Ok - My knowledge of pensions is minimal.

However - am I correct in saying that you cannot borrow against a pension that has risen in value during the course of the term to invest further?

Obviosuly you can do this in property by remortgaging and reinvesting further when possible which enables you to grow your asset base significantly - the difference over a 20 year period between property vs equities would then be many multiples in favour of property would it not ?

But firstly - Is my initial assumption about borrowing correct?

If so, I have gone through the figures and this would be a major reason to go with property resulting in returns of many milluons profit - even with infrequent remortgaging.

I have an example which i could enter to illustrate the significant difference if you wish to go through my figures ?


----------



## Thomas22

*Re: have an investment property but the rent is falling short by 170 a month to cover*



qwertyuiop said:


> Ok - My knowledge of pensions is minimal.
> 
> However - am I correct in saying that you cannot borrow against a pension that has risen in value during the course of the term to invest further?
> 
> Obviosuly you can do this in property by remortgaging and reinvesting further when possible which enables you to grow your asset base significantly - the difference over a 20 year period between property vs equities would then be many multiples in favour of property would it not ?
> 
> But firstly - Is my initial assumption about borrowing correct?
> 
> If so, I have gone through the figures and this would be a major reason to go with property resulting in returns of many milluons profit - even with infrequent remortgaging.
> 
> I have an example which i could enter to illustrate the significant difference if you wish to go through my figures ?




Yes, please post your figures. 

But re-mortgaging simple means you are continually increasing your leverage.  
Yes, you may get a higher return but you are only getting a higher return because you are taking on more risk each time.

My example assumes that the risk level is about the same as a non-leveraged property. I could repeat my example by assuming that the person is investing in highly leveraged assets like your are.
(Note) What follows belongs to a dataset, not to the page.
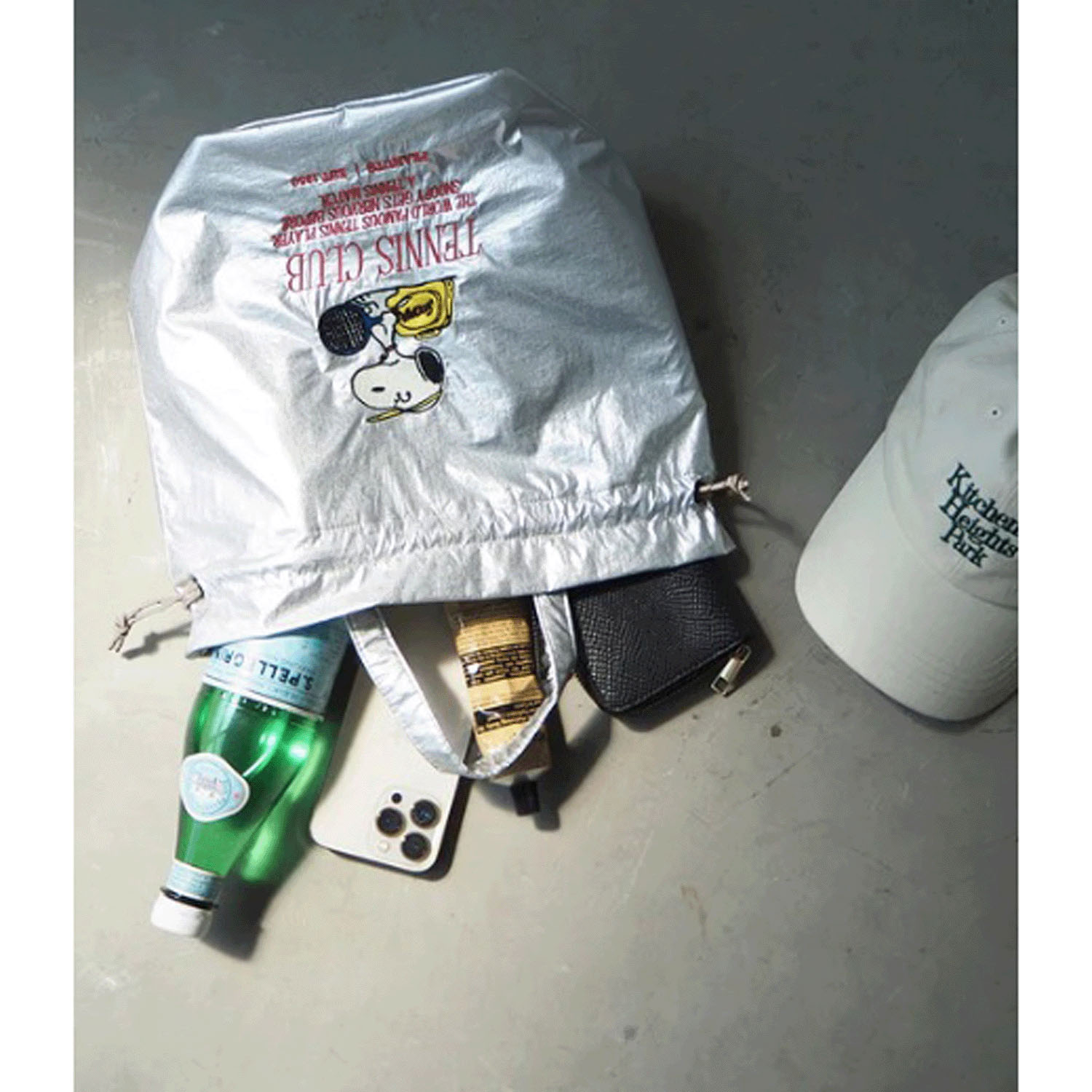 スヌーピー 保冷巾着トート （PEANUTS） SILVER - 画像2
To me demonstrating that you are getting a higher return by taking on higher risk is just stating the obvious. Long-term Higher Risk = Higher Return.


----------



## z106

*Re: have an investment property but the rent is falling short by 170 a month to cover my*

Ok - see the figures below - you don't have to go through all the figures as it may wreck your head - just look at the bottom line.
Also - note the LTV isn't all that hight in the example below.
The main point I am trying to illustrate here is that due to the ability of being able to release equity in property and reinvest further it therefore is far more rewarding than any leveraged pension investment.

Firstly - a few assumptions.
Lets say currently the OP has a mortgage of €300k on a €400k property - current LTV 75%.
Lets also assume growth of exactly 5% per year for the 20 years.
Lets also say the OP remortgages and reinvests every 4 years - which isn't all that frequent and remortgages 4 times over teh 20 year period - year 4,8,12,16.
Lets also assume the bank will want to give max LTV of 80%.
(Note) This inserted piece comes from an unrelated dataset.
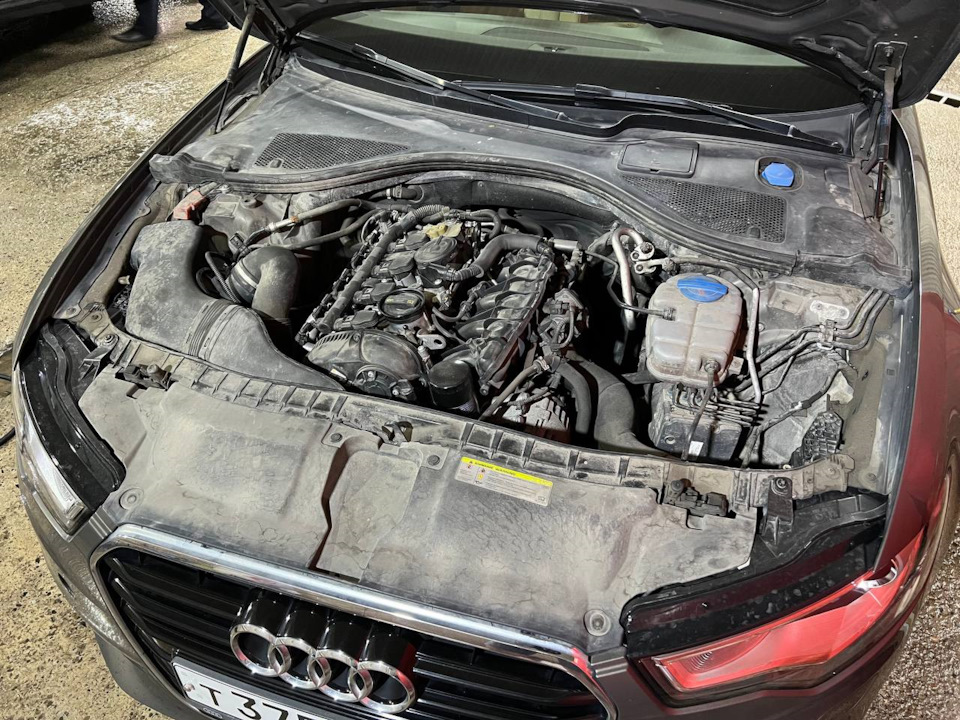 Подкапотка до — Audi A6 (C7)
And most importantly - my whole point is that over the long term prices will rise - there is no great risk.
I say it is low risk / high return - and not hig risk/high return as you state.

SO -
On year 4
Property worth c. €485k - they could release c. €90k.
Can now purchase another property worth,say,€400k.
They now have an asset base worth €885k - with a mortgage of €700k. Current LTV 79%

On year 8 
Properties worth c. €1.075 million - they could release a further €160k - this could buy another property worth c. €600k. 
They now have an asset base worth c. €1.675 milion with an outsatnding mortgage of c. €1.3mil. Current LTV 77.5%

On year 12 
Property worth €2.035 million - they could release a further €330k - this could comfortably buy property worth €1 mill. 
THey now have an asset base of €3.035 mill. with an outstanding mortgage of €2.3 million. Current LTV 75%.

On year 16
Properties worth €4.6 million - they could release a further €650k - could comfortably buy €2mill.
Now have an asset base of €6.6mill - outstanding mortgage of €4.3 mill. Current LTV 65%

On Year 20
Properties worth over €8 mil. Outsatnding mortgage of €4.3 mil.

Pretty much €4 mill profit on an annualised rate of appreciation of just 5% and remortgaging only 4 times during that 20 year period with a 50% LTV.
With a 50% LTV this would produce a very healthy cashflow as well.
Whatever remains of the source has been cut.